Msg#: 119 posted 2:43 am on Feb 2, 2003 (gmt 0)

BTW: since I have posted the message about google bot being banned, I have refreshed (deleted) the IPLOG.DAT file and now I have 2800 new entries. If somebody is interested to look at it, please let me know. I thought this might be a good examle for people interested in using this sooner or later.

-Alex

DerekT

10+ Year Member



 
Msg#: 119 posted 8:46 pm on Mar 5, 2003 (gmt 0)

I have taken the code and made a few improvements. Primarialy, ensuring that Googlebot can index the pages.

The code will check for 3 variables:

Googlebot for USER_AGENT
or
IP of 64.68.8*.*
or
IP of 216.239.46.*

If one or more of these conditions are met, the code is not run.


if (( eregi("Googlebot", $_SERVER["HTTP_USER_AGENT"]) ) (substr($REMOTE_ADDR,0,7) == "64.68.8") (substr($REMOTE_ADDR,0,11) == "216.239.46."))
{
}
else {
$itime = 10; // Minimum number of seconds between visits
$ipenalty = 60; // Seconds before visitor is allowed back
$imaxvisit = 45; // Maximum visits
$iplogdir = "/path/to/logs/";
$iplogfile = "iplog.dat";
$ipfile = substr(md5($_SERVER["REMOTE_ADDR"]), -2);
$oldtime = 0;
if (file_exists($iplogdir.$ipfile)) $oldtime = filemtime($iplogdir.$ipfile);

$time = time();
if ($oldtime < $time) $oldtime = $time;
$newtime = $oldtime + $itime;

if ($newtime >= $time + $itime*$imaxvisit)
{
touch($iplogdir.$ipfile, $time + $itime*($imaxvisit-1) + $ipenalty);
header("HTTP/1.0 503 Service Temporarily Unavailable");
header("Connection: close");
header("Content-Type: text/html");
echo "<html><head><title></title><body>MESSAGE TEXT HERE</body></html>";
$fp = fopen($iplogdir.$iplogfile, "a");
if ($fp)
{
$useragent = "<unknown user agent>";
if (isset($_SERVER["HTTP_USER_AGENT"])) $useragent = $_SERVER["HTTP_USER_AGENT"];
fputs($fp, $_SERVER["REMOTE_ADDR"]." ".date("d/m/Y H:i:s")." ".$useragent."\n");
fclose($fp);
}
exit();
}
touch($iplogdir.$ipfile, $newtime);
}

daisho

10+ Year Member



 
Msg#: 119 posted 9:52 pm on Mar 5, 2003 (gmt 0)

My site is very database intensive also.
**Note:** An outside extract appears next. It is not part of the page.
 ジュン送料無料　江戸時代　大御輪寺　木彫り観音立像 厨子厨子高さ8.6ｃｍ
I took things to the other extreme and created a file caching system to improve my performance but not loose any of my flexibility with databases.

I use output buffering and run my program through it. At the end I cache the file to disk and display it to the user.
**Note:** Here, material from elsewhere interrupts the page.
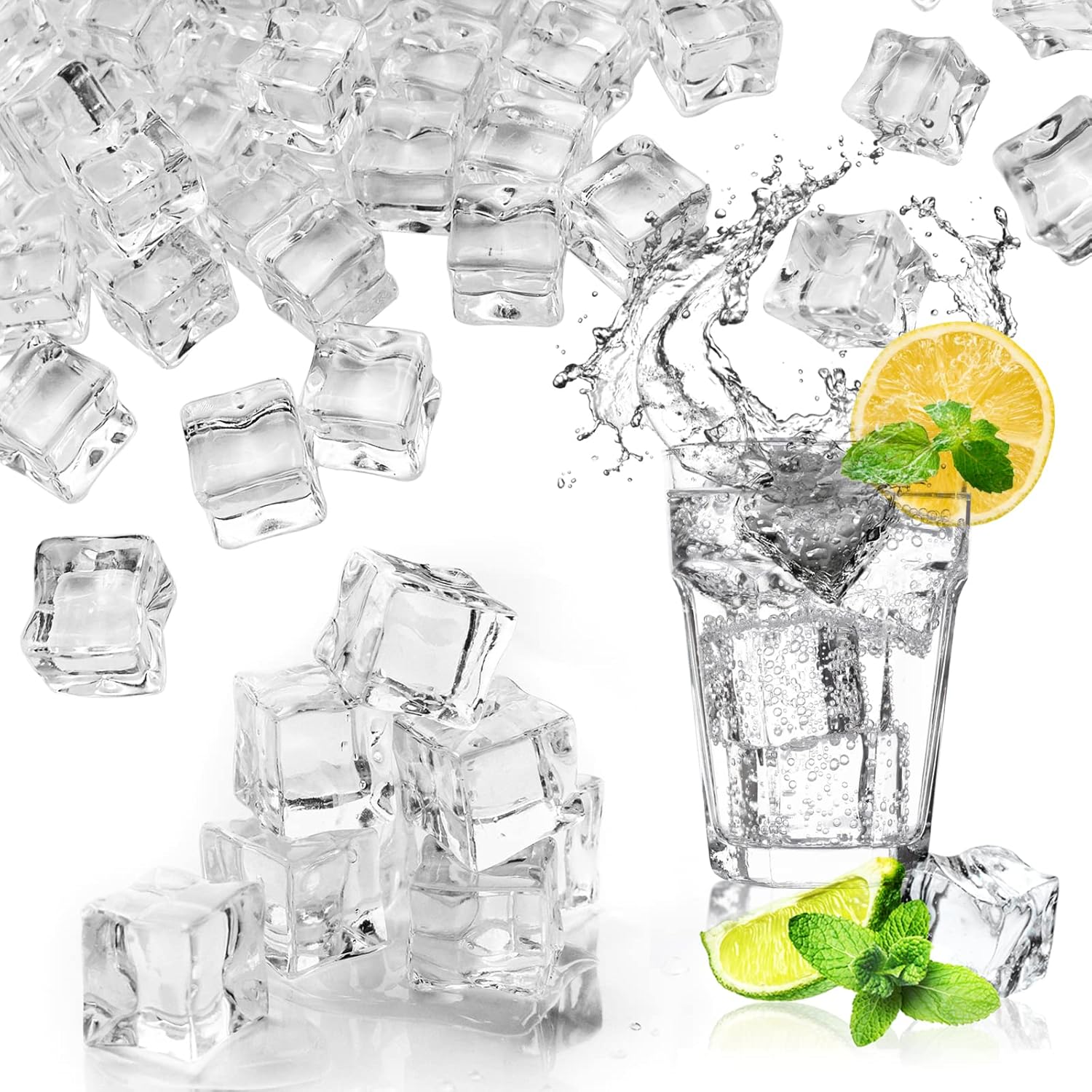 Fake Ice, Clear Fake Ice Cubes Acrylic, 17 mm 100 PCS Acrylic Decorative Ice Cubes for Photography Accessories Props Decoration Vase Fillers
I also use timestamp files that I can touch in order to force my program to refresh from database. That way if nothing changes for days/weeks on a page then the database is never even connected to. The script sees that there is a valid timestamp file and then simply outputs the cache file.

If something changes I touch the timestamp file. If the timestamp of the file is greater than the cache page then the cache page is regenerated.
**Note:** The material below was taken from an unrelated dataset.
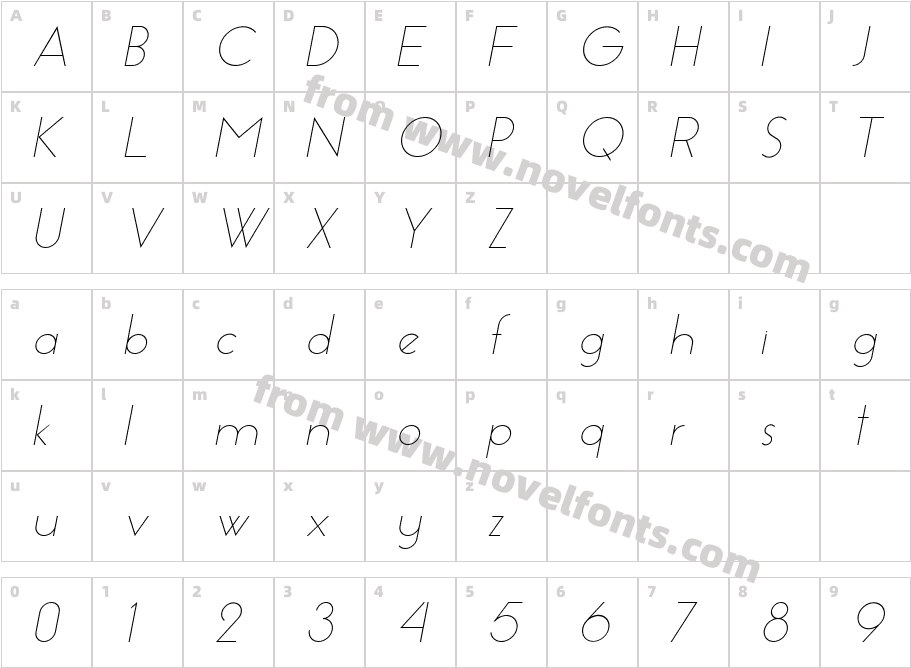 Essence Sans Light ItalicCharacter Map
The advantage to that is the fact that if the database is down I display the cache page even if it should be regenerated. In my opinion and old page is better than and error page.

The downside to this is that I now have 3.7gigs of cache files. The upside is that there is much less impact on my database. Google can crawl at full force and my server stays happy.

DerekT

10+ Year Member



 
Msg#: 119 posted 5:11 am on Mar 8, 2003 (gmt 0)

daisho

Is the caching solution you use something created in house or was it a commercial offering? I could use a similar performance boost since all pages are PHP and mySQL generated.

Hester

WebmasterWorld Senior Member 10+ Year Member



 
Msg#: 119 posted 10:44 am on Mar 10, 2003 (gmt 0)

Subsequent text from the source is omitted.